Optimizing M3: How Uber Halved Our Metrics Ingestion Latency by Forking the Go Compiler
In Uber’s New York engineering office, our Observability team maintains a robust, scalable metrics and alerting pipeline responsible for detecting, mitigating, and notifying engineers of issues with their services as soon as they occur. Monitoring the health of our thousands of microservices helps us ensure that our platform runs smoothly and efficiently for our millions of users across the globe, from riders and driver-partners to eaters and restaurant-partners. A few months ago, a routine deployment in a core service of M3, our open source metrics and monitoring platform, caused a doubling in overall latency for collecting and persisting metrics to storage, elevating the metrics’ P99 from approximately 10 seconds to over 20 seconds.
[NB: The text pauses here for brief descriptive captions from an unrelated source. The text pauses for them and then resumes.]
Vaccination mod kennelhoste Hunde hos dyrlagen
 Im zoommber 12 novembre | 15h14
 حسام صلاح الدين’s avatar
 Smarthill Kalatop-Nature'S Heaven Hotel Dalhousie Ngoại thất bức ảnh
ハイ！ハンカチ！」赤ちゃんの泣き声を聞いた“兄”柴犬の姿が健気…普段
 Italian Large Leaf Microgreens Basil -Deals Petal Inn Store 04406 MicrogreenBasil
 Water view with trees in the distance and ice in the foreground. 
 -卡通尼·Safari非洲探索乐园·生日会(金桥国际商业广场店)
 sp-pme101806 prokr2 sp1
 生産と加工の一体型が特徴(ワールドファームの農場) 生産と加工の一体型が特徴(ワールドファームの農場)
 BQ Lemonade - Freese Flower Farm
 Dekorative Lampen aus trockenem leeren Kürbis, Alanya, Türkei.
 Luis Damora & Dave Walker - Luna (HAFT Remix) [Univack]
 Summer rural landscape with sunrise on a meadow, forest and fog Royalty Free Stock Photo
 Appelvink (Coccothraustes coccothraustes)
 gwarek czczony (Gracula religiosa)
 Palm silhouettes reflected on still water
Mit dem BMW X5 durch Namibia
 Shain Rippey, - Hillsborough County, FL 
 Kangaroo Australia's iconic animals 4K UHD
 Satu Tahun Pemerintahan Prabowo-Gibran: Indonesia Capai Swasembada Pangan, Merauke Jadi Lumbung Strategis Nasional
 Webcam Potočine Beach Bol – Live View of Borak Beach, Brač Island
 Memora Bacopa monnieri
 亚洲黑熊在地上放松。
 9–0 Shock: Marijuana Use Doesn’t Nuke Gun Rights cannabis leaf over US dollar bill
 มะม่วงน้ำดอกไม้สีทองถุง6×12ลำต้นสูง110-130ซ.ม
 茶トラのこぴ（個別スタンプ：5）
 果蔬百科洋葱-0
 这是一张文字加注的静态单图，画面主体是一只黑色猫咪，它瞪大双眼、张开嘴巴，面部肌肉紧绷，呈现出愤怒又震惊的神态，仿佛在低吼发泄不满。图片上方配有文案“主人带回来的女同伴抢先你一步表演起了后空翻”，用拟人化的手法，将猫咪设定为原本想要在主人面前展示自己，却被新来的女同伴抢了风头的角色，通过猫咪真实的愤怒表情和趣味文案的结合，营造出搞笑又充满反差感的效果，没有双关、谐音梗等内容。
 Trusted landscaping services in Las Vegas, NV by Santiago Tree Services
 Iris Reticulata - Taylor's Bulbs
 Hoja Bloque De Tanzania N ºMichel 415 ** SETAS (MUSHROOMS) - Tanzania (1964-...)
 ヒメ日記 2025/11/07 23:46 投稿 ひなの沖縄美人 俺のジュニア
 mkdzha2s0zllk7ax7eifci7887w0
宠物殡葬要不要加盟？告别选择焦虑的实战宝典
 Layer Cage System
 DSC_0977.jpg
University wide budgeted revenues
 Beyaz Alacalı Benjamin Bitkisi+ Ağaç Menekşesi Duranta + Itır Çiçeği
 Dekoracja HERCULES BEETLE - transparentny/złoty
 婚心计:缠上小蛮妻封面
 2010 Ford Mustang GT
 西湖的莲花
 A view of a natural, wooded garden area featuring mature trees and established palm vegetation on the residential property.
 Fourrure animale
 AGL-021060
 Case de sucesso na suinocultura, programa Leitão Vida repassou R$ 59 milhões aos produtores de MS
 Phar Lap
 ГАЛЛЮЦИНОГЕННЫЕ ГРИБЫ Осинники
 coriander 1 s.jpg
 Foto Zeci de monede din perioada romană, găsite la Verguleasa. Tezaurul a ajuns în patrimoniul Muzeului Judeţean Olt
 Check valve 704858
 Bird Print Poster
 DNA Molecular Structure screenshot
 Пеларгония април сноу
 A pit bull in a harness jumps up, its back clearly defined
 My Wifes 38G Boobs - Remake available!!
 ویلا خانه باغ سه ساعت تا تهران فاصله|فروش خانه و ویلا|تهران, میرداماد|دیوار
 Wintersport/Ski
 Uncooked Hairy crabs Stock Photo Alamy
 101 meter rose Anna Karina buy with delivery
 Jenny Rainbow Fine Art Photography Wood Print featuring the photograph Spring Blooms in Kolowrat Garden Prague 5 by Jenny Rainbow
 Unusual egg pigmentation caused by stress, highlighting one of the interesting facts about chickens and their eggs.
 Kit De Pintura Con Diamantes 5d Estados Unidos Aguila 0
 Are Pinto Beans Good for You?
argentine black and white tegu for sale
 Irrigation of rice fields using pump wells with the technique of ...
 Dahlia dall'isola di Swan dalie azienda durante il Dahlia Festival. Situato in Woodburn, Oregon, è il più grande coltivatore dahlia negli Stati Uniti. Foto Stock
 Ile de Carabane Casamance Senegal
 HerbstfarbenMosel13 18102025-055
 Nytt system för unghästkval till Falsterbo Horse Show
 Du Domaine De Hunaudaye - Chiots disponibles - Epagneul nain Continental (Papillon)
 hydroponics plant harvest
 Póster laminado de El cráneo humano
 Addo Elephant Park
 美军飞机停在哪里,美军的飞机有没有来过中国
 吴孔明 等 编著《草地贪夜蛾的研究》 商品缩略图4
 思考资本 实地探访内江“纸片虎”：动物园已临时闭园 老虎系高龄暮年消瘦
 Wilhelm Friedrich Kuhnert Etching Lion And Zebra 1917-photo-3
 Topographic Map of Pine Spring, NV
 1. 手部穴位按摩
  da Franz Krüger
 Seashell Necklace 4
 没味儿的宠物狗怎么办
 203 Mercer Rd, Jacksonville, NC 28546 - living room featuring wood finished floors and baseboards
That additional latency meant that Grafana dashboards about metrics related to our internal systems would take longer to load, and our automated alerts to system owners would take longer to fire. Mitigating the issue was simple–we just reverted to the last known good build, but we still needed to figure out the root cause so we could fix it. Figure 1: The arrow on the left shows our typical end-to-end latency, hovering around 10 seconds with occasional spikes.
The arrow on the right shows our end-to-end latency after the performance regression, where we see regular spikes rising to 20 seconds. While a lot has been written about how to analyze the performance of software written in Go, most discussions conclude with an explanation of how visualizing CPU and heap profiles with pprof diagnosed and resolved the issue. In this case, our journey began with CPU profiles and pprof but quickly went off the rails when those tools failed us and we were forced to fall back on more primitive tools like git bisect, reading Plan 9 assembly, and yes, forking the Go compiler.